Me digo que mirar televisión en una cama king size no es una buena forma de conectarme con la ciudad, y entonces salgo a la calle luego de ser saludada por amables empleados. San Telmo es un lugar para recorrer con tiempo. Pensando sobre la elasticidad del tiempo cuando viajamos, me doy cuenta de que viajar a un lugar nuevo es ocupar no sólo un espacio físico, sino también un tiempo de otros: por las calles adoquinadas, me uno a unas chicas abrigadas que sacan fotos y le pido a un cocinero que está descansando de su trajín diario que me retrate frente a un edificio antiguo. Cuando le pregunto el nombre, intuyo que debe ser extranjero, quizás un turista secuestrado por la melancólica belleza porteña. Miro para arriba y veo cúpulas, las líneas de cables que invaden siempre el cielo de Buenos Aires. Sin embargo, los turistas y yo no percibimos eso como falta de planificación urbana, sino como una cualidad estética de la ciudad: líneas negras que cruzan el cielo azul y nos permiten hacer encuadres nuevos. Subo mis fotos a Instagram y me reconforta saber, gracias a los hashtags, que somos muchos los que caminamos las mismas calles en simultáneo.

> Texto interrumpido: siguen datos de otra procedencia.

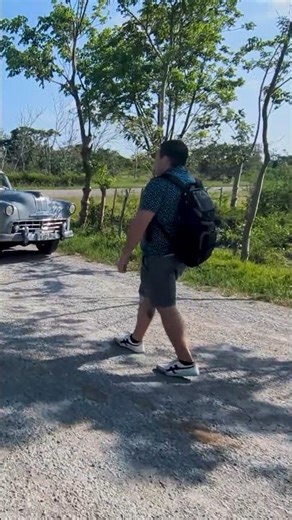 There are no more tourist buses and you have to go by collective taxi in Cuba.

Las cosas que nos emocionaron alguna vez casi siempre se las ingenian para repetir su efecto. Sin mapa, porque conozco bien las calles, aparezco en Perú y Carlos Calvo, frente a un bar que siempre me gustó, pero que hace años no visito. Sentada en la barra de El Federal, me entrego a un pasatiempo al que, por culpa del celular y mis ganas constantes de mensajes instantáneos, cada vez dedico menos tiempo: mirar a la gente pasar, observarlos escribir en cuadernos o leer algún libro que siempre quiero averiguar cuál es y cómo llegó a sus manos. Tengo tiempo, no estoy corriendo a ningún lado, y la ciudad es mía.

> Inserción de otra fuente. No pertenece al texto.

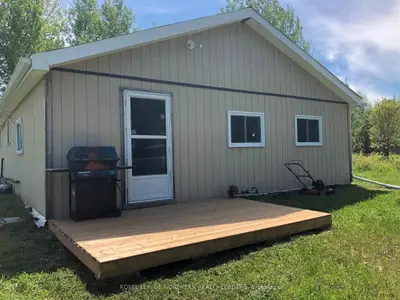 502 Bentley Lake Road, Cochrane, On P0l 1c0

Mientras hablo con una mujer que me pregunta qué hago haciéndome fotos sin mirar a la cámara, decido que ya debería volver al hotel. Son las ocho de la noche y no pienso cenar en horario argentino. Caminando de regreso, vuelve a mí la frase final de una cita que hace siete años tengo pegada en las distintas heladeras de las varias casas en las que viví: "Sólo el hombre para quien el mundo entero es un país extranjero es perfecto".

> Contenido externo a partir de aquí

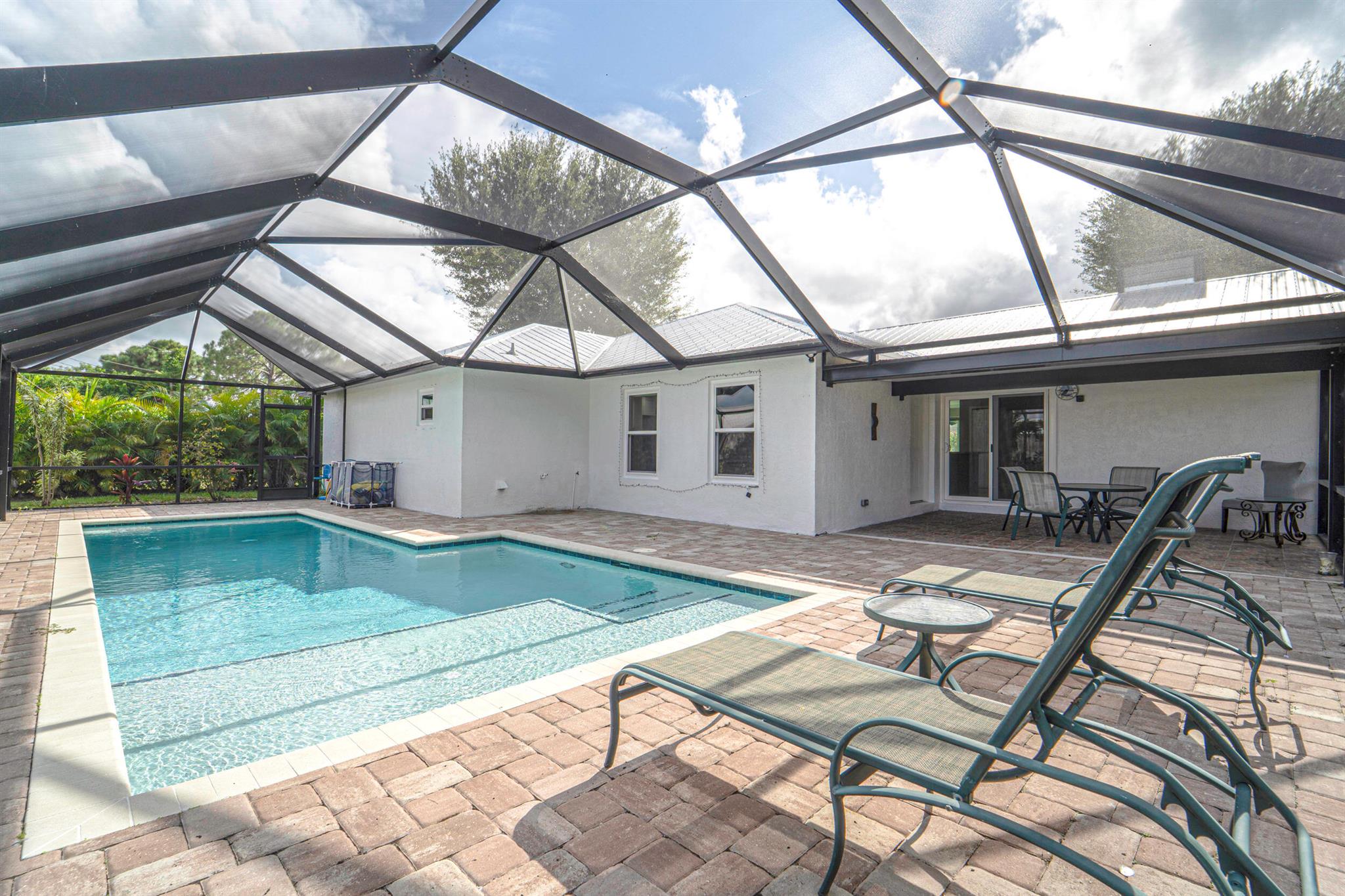 PORT ST LUCIE SECTION 21 - Residential Lease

Me quedo pensando en cuán eternas son algunas sensaciones que hacen que la frase de un hombre del siglo XII resuene en mí, mil años después. Entro al hotel que ya no me resulta nuevo, y me gusta volver a algo que conozco aunque no me sea propio. En el ascensor, las conversaciones me inspiran: mañana dos hombres que están acá por negocios van a hacer un tour por la ciudad. Al mismo tiempo, yo voy a estar en el subte B viajando diez estaciones en dirección a mi casa, sintiendo que algo cambió y que desde hoy yo también quiero usar, con más frecuencia, ese nuevo lente que me permite mirar distinto.